ResNet with CIFAR10 only reaches 86% accuracy (expecting >90%)

Hello everyone,

I am trying to reproduce the numbers from the original ResNet publication on CIFAR10. I am using the network implementation from here:

As far as I can tell, I am using the exact training parameters that are given in the paper:

We use a weight decay of 0.0001 and momentum of 0.9,
and adopt the weight initialization in [13] and BN [16] but
with no dropout. These models are trained with a mini-
batch size of 128 on two GPUs. We start with a learning
rate of 0.1, divide it by 10 at 32k and 48k iterations, and
terminate training at 64k iterations, which is determined on
a 45k/5k train/val split. We follow the simple data augmen-
tation in [24] for training: 4 pixels are padded on each side,
and a 32×32 crop is randomly sampled from the padded
image or its horizontal flip.

Here are the relevant parts of my training script:

class ResNet(pl.LightningModule):
    def __init__(self):
        super().__init__()
        self.model = resnet.resnet20()

    def forward(self, x): 
        return self.model(x)

    def configure_optimizers(self):
        optimizer = optim.SGD(self.parameters(), lr=0.1, momentum=0.9, weight_decay=1e-4)
        scheduler = optim.lr_scheduler.MultiStepLR(optimizer, milestones=[90,135])
        return {'optimizer': optimizer, 'scheduler': scheduler}
...

class CIFAR10DataModule(pl.LightningDataModule):
    def __init__(self, **kwargs):
        ...
        self.normalize = [
            transforms.ToTensor(),
            transforms.Normalize(mean=[0.491, 0.482, 0.447], std=[0.247, 0.243, 0.262]),
        ]
        self.augment = [
            transforms.RandomCrop(32, padding=4),
            transforms.RandomHorizontalFlip(),
        ]   
            
    def prepare_data(self):
        torchvision.datasets.CIFAR10(root=self.data_dir, train=True, download=True)
        torchvision.datasets.CIFAR10(root=self.data_dir, train=False, download=True)
            
    def setup(self, stage=None):
        if stage == 'fit' or stage is None:
            t = transforms.Compose(self.augment + self.normalize)
            cifar_full = torchvision.datasets.CIFAR10(root=self.data_dir, train=True, transform=t)
            self.df_train, self.df_val = torch.utils.data.random_split(cifar_full, [45000, 5000])
        if stage == 'test' or stage is None:
            t = transforms.Compose(self.normalize)
            self.df_test = torchvision.datasets.CIFAR10(root=self.data_dir, train=False, transform=t)
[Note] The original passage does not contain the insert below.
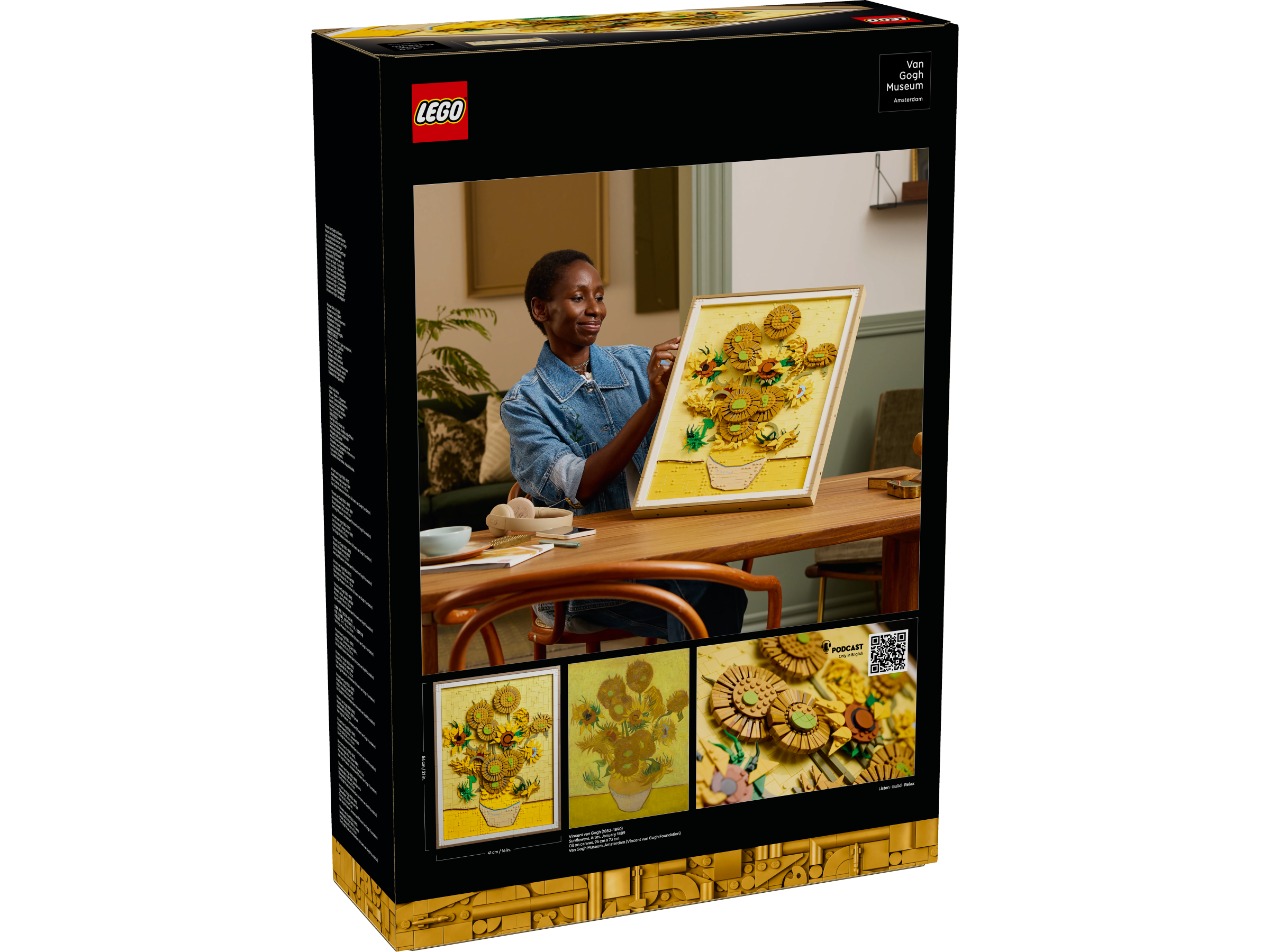 LEGO ART Vincent van Gogh - Sonnenblumen 31215 - Bild 9
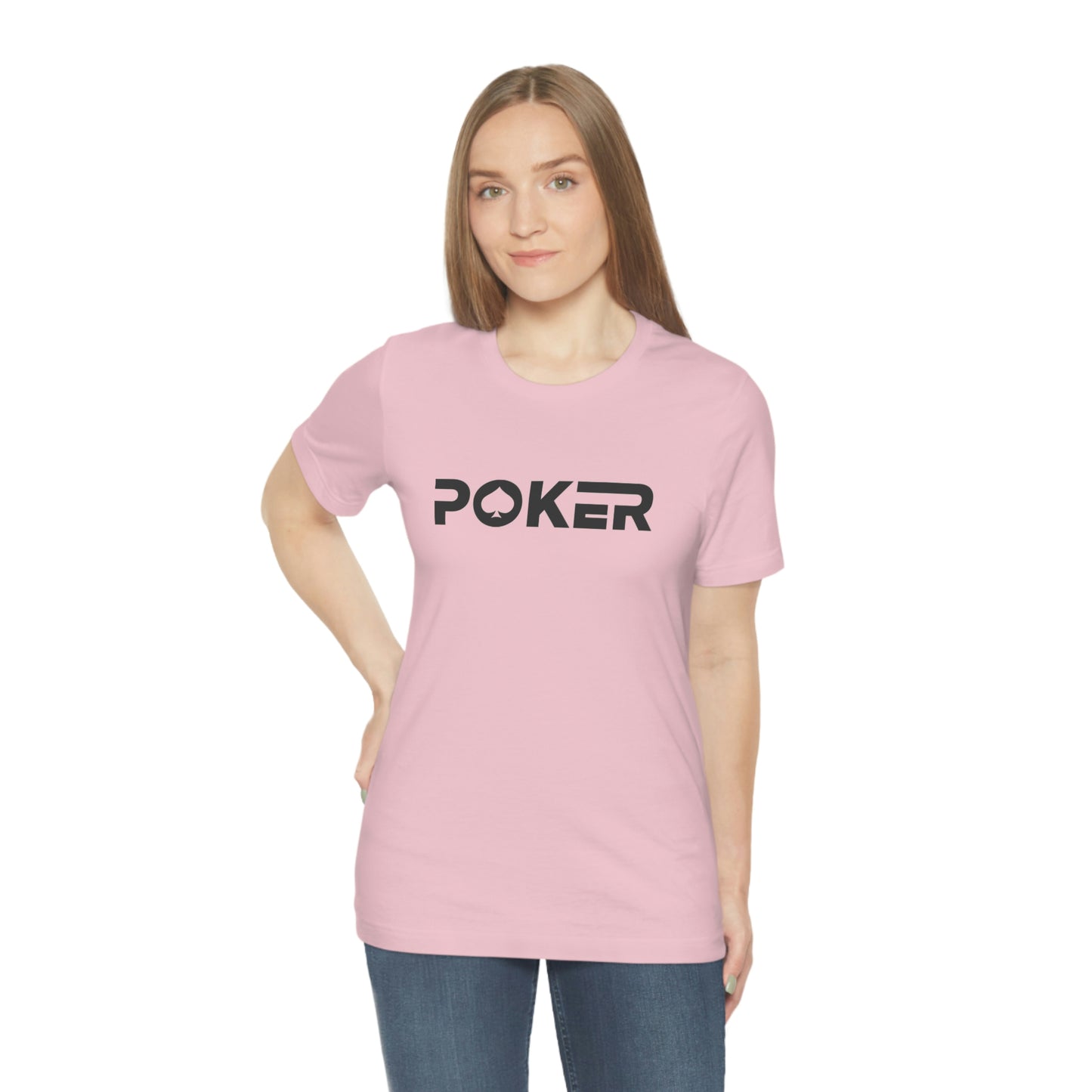 Poker Unisex Jersey Short Sleeve Tee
dm = CIFAR10DataModule(batch_size=128, num_workers=4)
dm.setup("fit")
lr_logger = pl.callbacks.LearningRateMonitor()
mlflow.pytorch.autolog()
model = ResNet()
trainer = pl.Trainer(gpus=1, max_epochs=180, callbacks=[lr_logger])
trainer.fit(model, dm) 

However the accuracy only reaches around 86%, well below the 91.25% given in the original paper.

There is a comment in the repository that hosts the ResNet/CIFAR10 model which indicates that this issue seemed to occur after an update of PyTorch from version 1.1 to 1.2:

(note that the reported numbers in the issue refer to ResNet56, but the effect is the same, just less pronounced)

I suspect that I am seeing the same issue and would like to understand what is causing it and how I can best fix it.

Note that this is validation accuracy, not test accucary. Now that I am thinking about it, I am wondering whether the drop in accuracy I am seeing is a side effect of the augmentation. I will report a value on the test set tomorrow!

I have evaluated against the test set and the effect stays the same: Training accuracy reaches around 93%, but test accuracy stagnates at around 85%.

I have found the issue, and it is a very subtle one:

When returning a scheduler to Lightning using the dict format like I do in this line:

        return {'optimizer': optimizer, 'scheduler': scheduler}

the keyword for the scheduler needs to be lr_scheduler, otherwise it will not be picked up and the learning rate will stay high.